I find it interesting that in examining online gaming culture, there is no one definition that anyone seems to be able to agree on. Some people will tell you that Console Games should be excluded, others insist that a console based game is the only one that counts. Some will say that Nintendo’s Wii is not a proper gaming console; others point out that portable games such as Angry Birds should not be considered a part of gaming.

With no one, solid definition of what Gaming Culture is, I find it interesting that there can be a cultural clash or hashtag even created for this ‘GamerGate’ controversy. If you can’t define the limits, how can you define where it begins or ends.

So, before I write this, I’m going to go ahead and throw up some definitions so that I am clear in my explanation:

Core Audience (Pre-2000) – the Core Audience prior to the year 2000 for video games were males aged 15-32. This is, in general, the audience that most people picture when they think of a ‘gamer.’

Core Audience (Post 2000) – the shifting demographic that advertisers and programmers are now trying to bring in. This is largely due to the rise of mobile gaming brought about by devices like smartphones.

Core Gamer – a person who plays games at least 20 hours a week and purchases titles regularly (1)

Casual Gamer – a person who plays infrequently and purchases titles less often (1).

So, even in my definitions, it is clear to me (and a number of actual online journalists and reporters) that there has been a significant shift in the gaming audience and its marketing appeals. There are now more people playing games than there have ever been before (2). Regardless of the platform that you prefer your gaming on, you are getting consistent new content and experiences at a pace almost unheard of in older gaming times.

This massive explosion of population has thus called in to question: is gaming’s culture keeping up with its audience evolution.

The Legend of Zelda Protagonist Link (1986)Zelda_Ocarina_of_Time_CastSkyward

Different Zeldas, Different Casting

The answer to that question is long and complicated. It is, unfortunately, almost impossible to find any neutral information on the subject, but I’ll try and share what I have found along with my opinions mixed in.

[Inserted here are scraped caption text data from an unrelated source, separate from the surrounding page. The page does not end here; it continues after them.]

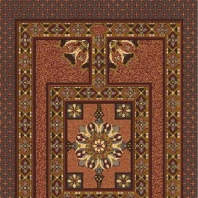 Ковер Durkan Print Deco-Romance S6205 коричневый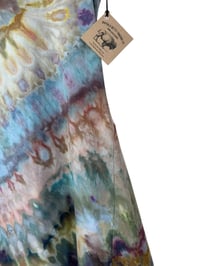 Image 7 of M Stretch Knit Fit and Flare Midi Dress in Earthy Spiral Ice Dye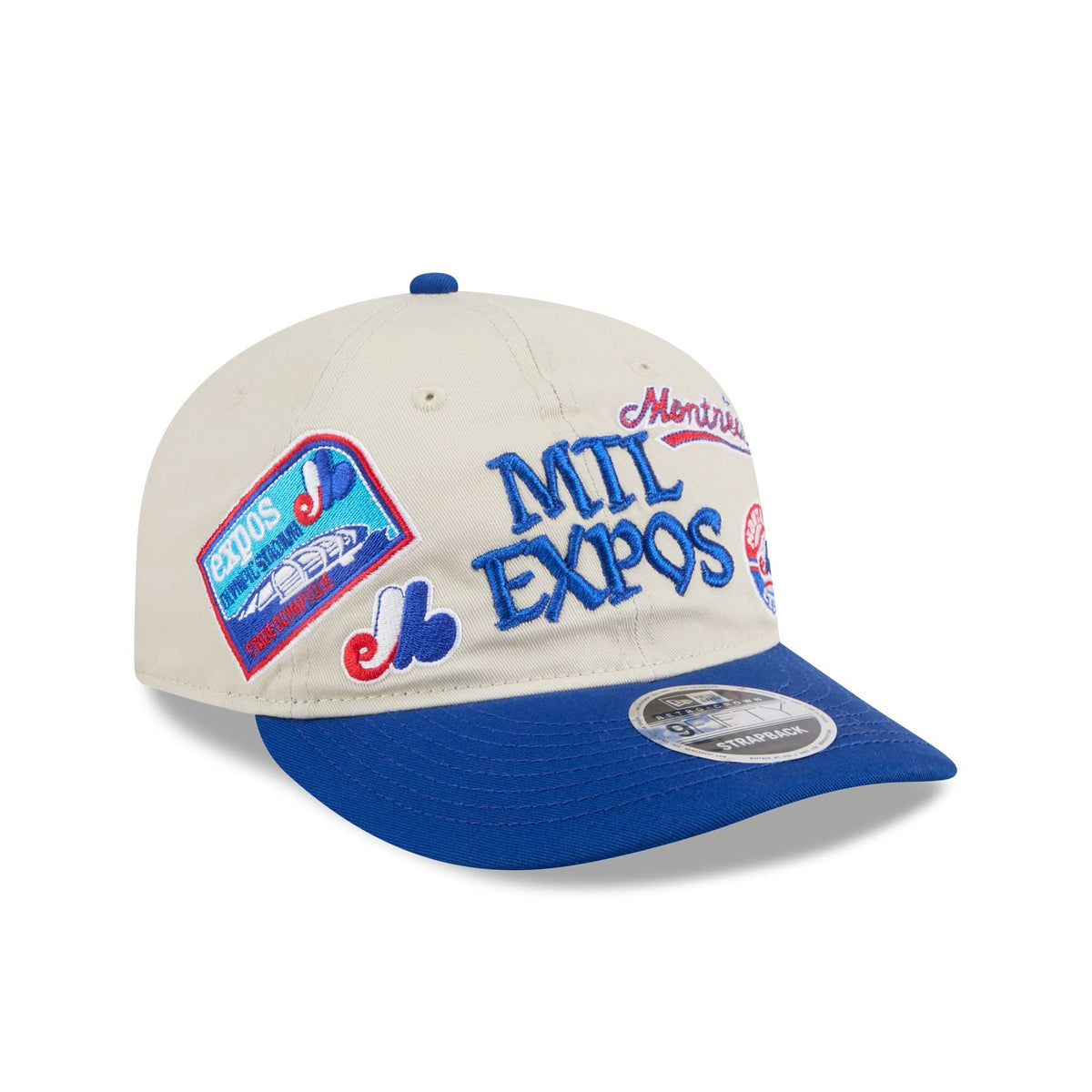 Montreal Expos Scattered Patches Retro Crown 9FIFTY Snapback Hat
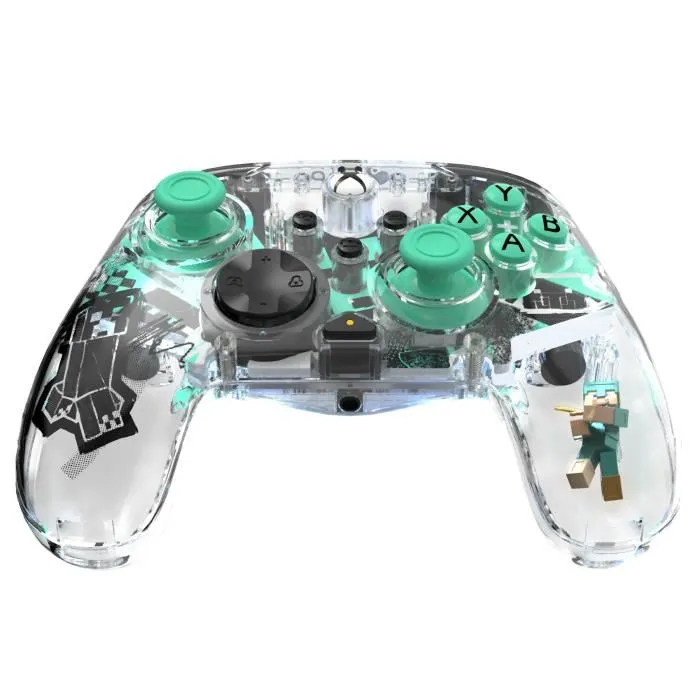 PDP Gamepad Inalámbrico Minecraft: Diamond Transparente para Xbox Series X|S, Xbox One y PC - PDP0708056074067 1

The short answer is a simple ‘no.’ To put it bluntly, we have not seen a significant change in the social demographics presented in video games. A simple trip in to Wal-Mart to look at the covers of the available titles shows that the common protagonist in major studio efforts remains white males (3). You can also load GameFaqs.com and look at their top 10:

Top 10

 

Wow, I wish I had a better screen cap grabber…

Anyway, if you follow through on those titles, most of them feature primary protagonist characters that are white males (or, at least, based on white males for games like The Elder Scrolls V or League of Legends) with casts to match. This is consistent regardless of platform and game sub-genre. The previously defined core audience is still the target of most major publishers and the advertising backs that.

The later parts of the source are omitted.